Source information:
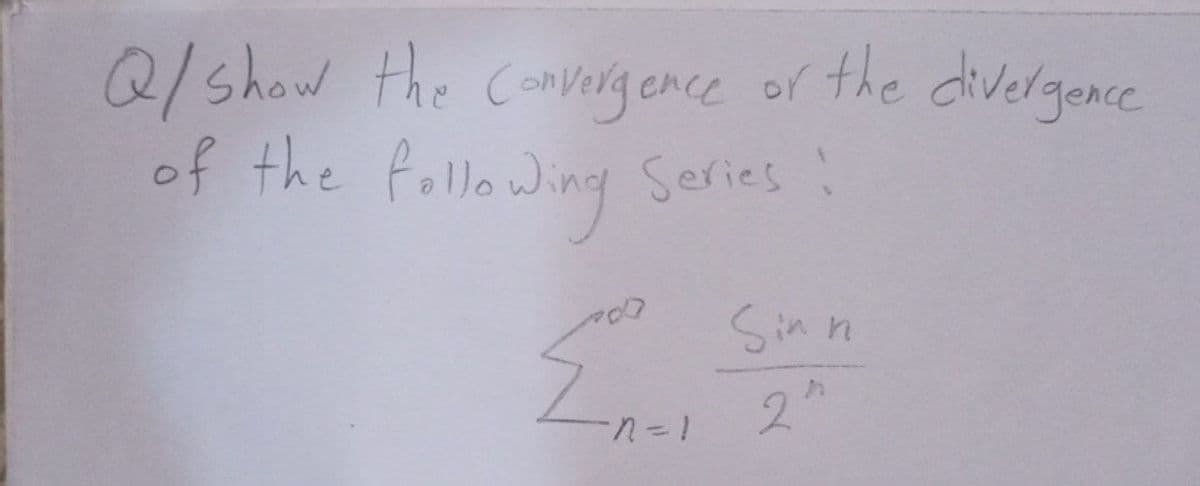 Q/show the
Convergence
e or the divergence
of the following
Series !
Sin n
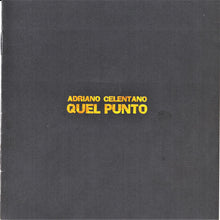 Carica l'immagine nel visualizzatore di Gallery, Adriano Celentano : Quel Punto (CD, Album, Mixed, Dig)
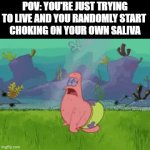 *Suddenly dying intensifies* | POV: YOU'RE JUST TRYING TO LIVE AND YOU RANDOMLY START 
CHOKING ON YOUR OWN SALIVA | image tagged in gifs,memes,funny,relatable,choking | made w/ Imgflip video-to-gif maker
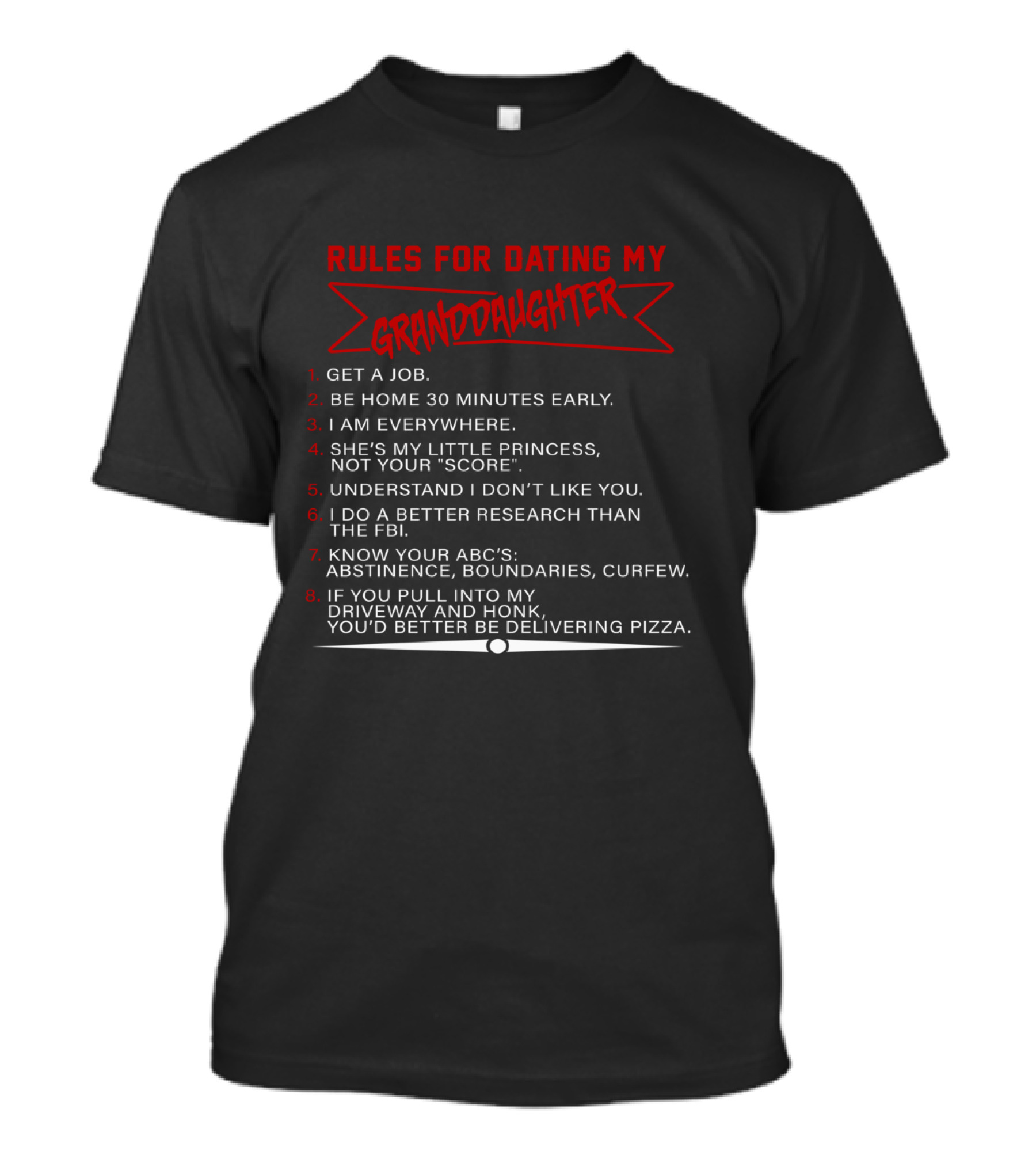 Rules For Dating My Granddaughter Get A Job Be Home 30 Minutes Early I Am Everywhere Understand I Don’t Like You Better Research Than The FBI Know Your ABC's Delivering Pizza T-Shirt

Aim of the exercise: Please repeat the lines of the material above exactly, starting with the line that contains "Carica l'immagine nel" and ending with the line that contains "CHOKING ON YOUR". Leave the pictures out.

Written answer:
 Carica l'immagine nel visualizzatore di Gallery, Adriano Celentano : Quel Punto (CD, Album, Mixed, Dig)
 *Suddenly dying intensifies* | POV: YOU'RE JUST TRYING TO LIVE AND YOU RANDOMLY START 
CHOKING ON YOUR OWN SALIVA | image tagged in gifs,memes,funny,relatable,choking | made w/ Imgflip video-to-gif maker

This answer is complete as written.